### TASK INSTRUCTIONS
Return every line below as is, leaving out the pictures.

-------- INFORMATION SUPPLIED --------

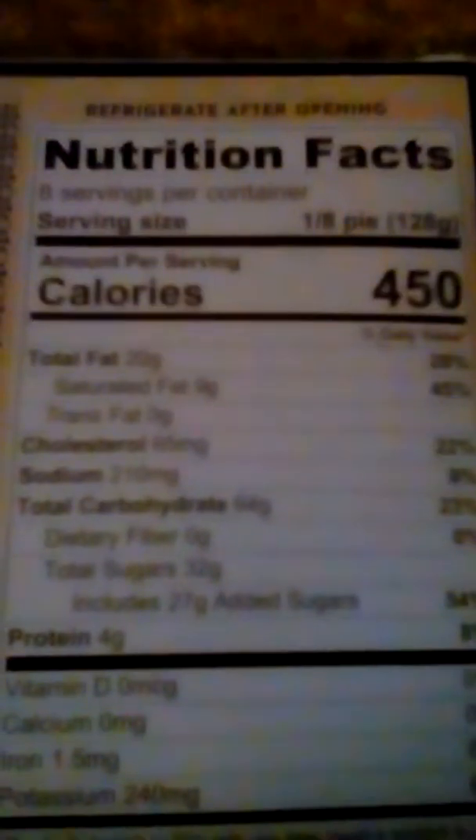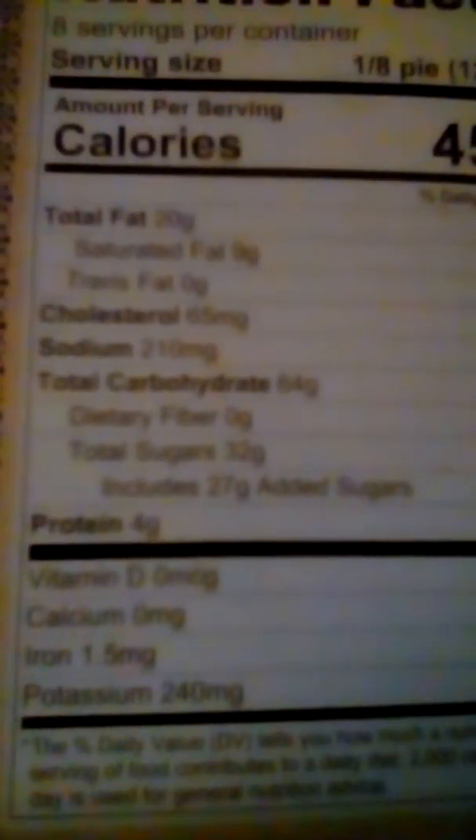It's got 450 calories, 8 servings per box, 450 calories per serving, total carbohydrates 20, saturated fats 9 grams, trans fats 0, cholesterol 65 milligrams.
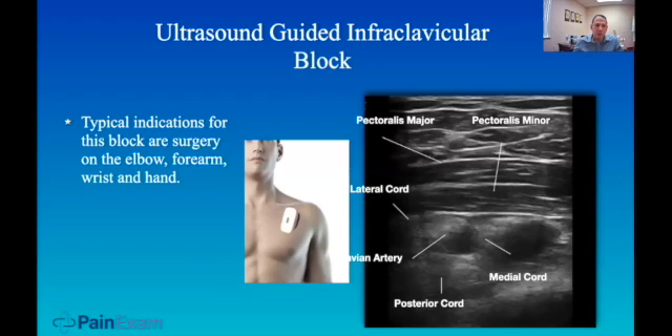We would do this block for surgery distal to the shoulder: elbows, forearms, wrist, and hand.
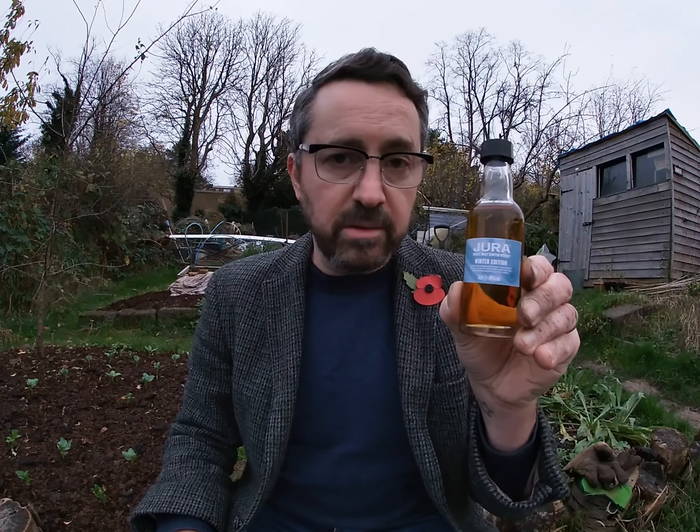I am here to share with you my Allotment Dram for today. And today I've actually picked another one of our minis — these little samples that we get sent. And it's the Jura Winter Edition. So this is a brand new whisky — it came out, what, a month or two ago.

--------

### RESPONSE AREA
It's got 450 calories, 8 servings per box, 450 calories per serving, total carbohydrates 20, saturated fats 9 grams, trans fats 0, cholesterol 65 milligrams.
We would do this block for surgery distal to the shoulder: elbows, forearms, wrist, and hand.
I am here to share with you my Allotment Dram for today. And today I've actually picked another one of our minis — these little samples that we get sent. And it's the Jura Winter Edition. So this is a brand new whisky — it came out, what, a month or two ago.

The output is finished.